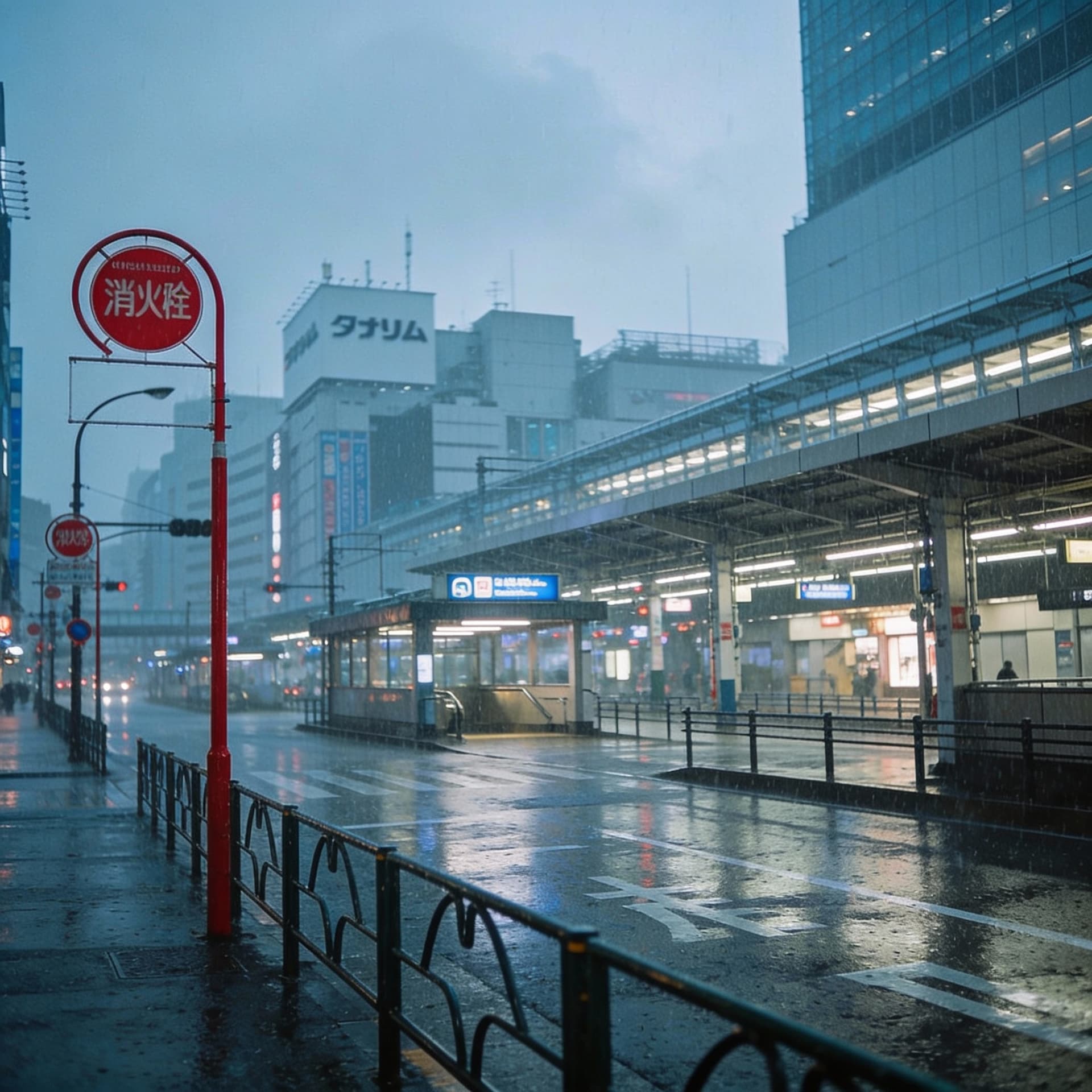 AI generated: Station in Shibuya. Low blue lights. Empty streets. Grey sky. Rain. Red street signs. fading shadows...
---
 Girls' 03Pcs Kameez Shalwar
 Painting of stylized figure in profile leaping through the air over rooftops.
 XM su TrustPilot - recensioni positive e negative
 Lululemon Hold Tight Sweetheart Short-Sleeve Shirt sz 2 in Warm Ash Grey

■ What is expected
Retype word for word everything in the listing above from the line that holds "Girls' 03Pcs Kameez Shalwar" down to the line that holds "Lululemon Hold Tight". Keep both end lines and leave out the rest.

■ Result
 Girls' 03Pcs Kameez Shalwar
 Painting of stylized figure in profile leaping through the air over rooftops.
 XM su TrustPilot - recensioni positive e negative
 Lululemon Hold Tight Sweetheart Short-Sleeve Shirt sz 2 in Warm Ash Grey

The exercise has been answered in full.